The flying {capybara bone bolt} strikes The Goblin Thief in the upper body, tearing the muscle and tearing the hearth through the ({wolf leather cloak})!
A major artery in the heart has been opened by the attack!
The {capybara bone bolt] has lodged firmly in the wound!
Your hunter tore that heart not pierced. If I remember correctly then a pierced heart is a instakill but a torn heart causes massive bleeding.
I'm pretty sure the only true instakills in DF are loss of all brain function (if you dont' have tags that exempt it), having your head cut off (I do believe this is separate from brain damage oddly) and being bisected.

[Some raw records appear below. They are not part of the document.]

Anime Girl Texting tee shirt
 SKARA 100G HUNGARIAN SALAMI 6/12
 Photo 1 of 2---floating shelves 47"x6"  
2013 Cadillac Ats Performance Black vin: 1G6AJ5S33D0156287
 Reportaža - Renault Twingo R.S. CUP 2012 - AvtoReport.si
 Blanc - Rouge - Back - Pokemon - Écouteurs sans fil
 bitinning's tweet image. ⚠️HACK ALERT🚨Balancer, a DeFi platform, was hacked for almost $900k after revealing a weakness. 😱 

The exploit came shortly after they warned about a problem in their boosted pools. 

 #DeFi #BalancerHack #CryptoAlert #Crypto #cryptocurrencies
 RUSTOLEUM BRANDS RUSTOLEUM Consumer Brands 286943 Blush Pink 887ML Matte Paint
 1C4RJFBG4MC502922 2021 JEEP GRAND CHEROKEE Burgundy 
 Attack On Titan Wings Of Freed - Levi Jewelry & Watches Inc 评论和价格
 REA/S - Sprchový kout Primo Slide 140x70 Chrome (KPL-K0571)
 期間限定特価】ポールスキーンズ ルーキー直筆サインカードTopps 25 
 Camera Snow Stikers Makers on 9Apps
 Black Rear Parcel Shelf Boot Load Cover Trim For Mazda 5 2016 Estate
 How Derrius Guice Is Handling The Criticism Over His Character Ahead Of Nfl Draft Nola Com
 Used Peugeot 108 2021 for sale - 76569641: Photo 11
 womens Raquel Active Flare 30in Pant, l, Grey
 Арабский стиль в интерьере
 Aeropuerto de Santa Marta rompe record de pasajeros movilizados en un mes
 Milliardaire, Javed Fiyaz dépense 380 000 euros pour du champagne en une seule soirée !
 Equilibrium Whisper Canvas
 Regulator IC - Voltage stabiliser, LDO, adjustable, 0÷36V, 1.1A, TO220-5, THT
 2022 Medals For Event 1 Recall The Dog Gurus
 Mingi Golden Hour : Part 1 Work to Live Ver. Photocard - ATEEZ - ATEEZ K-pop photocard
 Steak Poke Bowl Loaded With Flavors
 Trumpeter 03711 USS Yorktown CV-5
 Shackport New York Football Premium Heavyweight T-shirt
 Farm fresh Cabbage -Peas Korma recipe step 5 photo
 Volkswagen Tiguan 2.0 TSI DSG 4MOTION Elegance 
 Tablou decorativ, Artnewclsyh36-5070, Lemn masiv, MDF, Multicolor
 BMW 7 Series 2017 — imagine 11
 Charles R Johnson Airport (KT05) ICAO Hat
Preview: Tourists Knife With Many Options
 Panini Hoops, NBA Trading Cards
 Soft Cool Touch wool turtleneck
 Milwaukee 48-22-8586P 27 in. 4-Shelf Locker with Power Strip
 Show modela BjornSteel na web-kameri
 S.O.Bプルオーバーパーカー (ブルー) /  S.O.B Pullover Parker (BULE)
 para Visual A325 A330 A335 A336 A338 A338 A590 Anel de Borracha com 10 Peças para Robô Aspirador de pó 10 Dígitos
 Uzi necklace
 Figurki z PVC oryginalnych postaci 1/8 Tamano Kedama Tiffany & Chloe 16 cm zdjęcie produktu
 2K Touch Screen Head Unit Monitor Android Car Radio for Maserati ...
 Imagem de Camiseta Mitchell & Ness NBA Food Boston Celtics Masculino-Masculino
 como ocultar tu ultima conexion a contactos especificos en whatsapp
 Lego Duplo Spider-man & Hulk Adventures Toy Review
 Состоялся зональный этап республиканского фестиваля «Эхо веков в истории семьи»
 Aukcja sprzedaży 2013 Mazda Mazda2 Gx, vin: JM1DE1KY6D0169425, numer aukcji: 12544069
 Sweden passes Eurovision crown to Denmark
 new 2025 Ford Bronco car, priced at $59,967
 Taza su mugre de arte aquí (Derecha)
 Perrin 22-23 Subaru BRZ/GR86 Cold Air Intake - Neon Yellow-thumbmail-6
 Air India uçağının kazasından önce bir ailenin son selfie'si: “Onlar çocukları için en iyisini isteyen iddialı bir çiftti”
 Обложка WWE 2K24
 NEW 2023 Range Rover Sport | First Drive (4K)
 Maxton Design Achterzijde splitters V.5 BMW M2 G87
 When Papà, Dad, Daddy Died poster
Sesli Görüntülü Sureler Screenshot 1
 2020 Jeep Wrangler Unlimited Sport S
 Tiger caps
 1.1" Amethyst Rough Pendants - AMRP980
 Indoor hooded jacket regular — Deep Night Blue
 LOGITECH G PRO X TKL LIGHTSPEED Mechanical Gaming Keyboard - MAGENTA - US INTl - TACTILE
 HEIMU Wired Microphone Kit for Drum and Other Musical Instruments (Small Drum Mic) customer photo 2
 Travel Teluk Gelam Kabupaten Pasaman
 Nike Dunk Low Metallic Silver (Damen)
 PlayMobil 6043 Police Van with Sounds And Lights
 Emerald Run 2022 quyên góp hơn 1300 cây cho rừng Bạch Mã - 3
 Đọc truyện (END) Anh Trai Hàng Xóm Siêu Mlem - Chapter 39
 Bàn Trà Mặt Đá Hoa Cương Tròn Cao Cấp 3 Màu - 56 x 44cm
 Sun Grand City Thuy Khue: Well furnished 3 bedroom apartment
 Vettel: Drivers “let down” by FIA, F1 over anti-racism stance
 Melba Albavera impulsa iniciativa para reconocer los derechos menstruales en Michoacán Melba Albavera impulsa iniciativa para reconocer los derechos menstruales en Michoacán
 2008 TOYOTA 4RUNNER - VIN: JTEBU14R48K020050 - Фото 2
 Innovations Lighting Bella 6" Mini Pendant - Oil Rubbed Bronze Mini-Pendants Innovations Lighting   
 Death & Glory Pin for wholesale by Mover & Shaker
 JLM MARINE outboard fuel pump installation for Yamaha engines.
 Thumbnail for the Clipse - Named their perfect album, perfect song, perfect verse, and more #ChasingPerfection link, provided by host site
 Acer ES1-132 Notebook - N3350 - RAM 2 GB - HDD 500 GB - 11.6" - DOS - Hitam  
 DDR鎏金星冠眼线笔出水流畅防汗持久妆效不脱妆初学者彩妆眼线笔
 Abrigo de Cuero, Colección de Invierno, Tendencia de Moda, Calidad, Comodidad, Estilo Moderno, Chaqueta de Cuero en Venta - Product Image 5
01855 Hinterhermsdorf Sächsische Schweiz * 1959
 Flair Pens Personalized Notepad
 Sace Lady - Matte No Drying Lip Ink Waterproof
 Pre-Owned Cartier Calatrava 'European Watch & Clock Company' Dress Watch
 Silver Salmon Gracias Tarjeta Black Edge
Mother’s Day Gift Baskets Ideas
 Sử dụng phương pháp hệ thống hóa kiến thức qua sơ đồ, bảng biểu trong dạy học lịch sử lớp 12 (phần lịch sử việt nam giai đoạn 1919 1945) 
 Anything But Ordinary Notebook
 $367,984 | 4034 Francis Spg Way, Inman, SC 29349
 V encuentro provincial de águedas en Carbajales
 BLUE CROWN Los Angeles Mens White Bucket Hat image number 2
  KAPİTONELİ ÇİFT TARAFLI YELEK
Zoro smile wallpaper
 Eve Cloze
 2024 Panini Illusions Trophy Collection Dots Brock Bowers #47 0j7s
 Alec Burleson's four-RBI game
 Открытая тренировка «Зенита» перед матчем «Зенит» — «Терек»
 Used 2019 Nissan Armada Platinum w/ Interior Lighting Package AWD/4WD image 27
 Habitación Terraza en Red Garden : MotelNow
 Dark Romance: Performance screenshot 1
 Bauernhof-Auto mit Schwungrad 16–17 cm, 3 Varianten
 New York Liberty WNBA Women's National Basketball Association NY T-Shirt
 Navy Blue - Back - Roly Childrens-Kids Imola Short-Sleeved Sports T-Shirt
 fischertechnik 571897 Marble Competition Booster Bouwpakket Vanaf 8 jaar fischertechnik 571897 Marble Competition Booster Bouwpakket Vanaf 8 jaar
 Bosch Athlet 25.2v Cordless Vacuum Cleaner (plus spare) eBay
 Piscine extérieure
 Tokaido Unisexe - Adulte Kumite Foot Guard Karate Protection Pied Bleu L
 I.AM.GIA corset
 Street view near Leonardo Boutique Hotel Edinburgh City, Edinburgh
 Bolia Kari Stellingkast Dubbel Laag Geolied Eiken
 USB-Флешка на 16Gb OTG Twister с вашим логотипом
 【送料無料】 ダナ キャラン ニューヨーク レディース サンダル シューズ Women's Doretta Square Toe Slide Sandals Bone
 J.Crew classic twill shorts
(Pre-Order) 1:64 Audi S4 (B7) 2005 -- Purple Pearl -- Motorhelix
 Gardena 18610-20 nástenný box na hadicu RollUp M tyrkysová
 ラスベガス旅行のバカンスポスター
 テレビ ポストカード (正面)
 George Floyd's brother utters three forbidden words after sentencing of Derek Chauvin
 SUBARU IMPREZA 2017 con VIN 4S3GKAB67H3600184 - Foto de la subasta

No amount of damage to the heart could kill you in a single tick in game unless it caused you to lose all of your blood, and I don't know if that's even possible.
Do you actually know how long it takes to die, or at least pass out, from a heart wound?
You lose consciousness after about ten seconds, I believe. It's difficult to tell exactly how well that is represented in DF... anyone know how long a turn of combat in adventure mode is supposed to be?
A turn of combat is also determined by the speed of the creature, so it's even more vague.
That's true, but I believe a single tick is supposed to be a second long in adventure mode. So, presumably a creature with standard speed, 1,000 agility and no encumbrance would get a turn once per second. Fort mode is completely crazy in timing, so that goblin probably ran for what amounted to about 12 hours of spewing blood from a heart wound.
Back to the topic at hand, I'm all for more realism. Broken bones are very effective at incapacitating from pain, but so far as I've seen pretty much no other injuries will ever cause enough pain to knock someone out, and of course, creatures are willing to fight on despite having lost three limbs and having most of their blood on the ground. I
think that will be improved in the next version actually.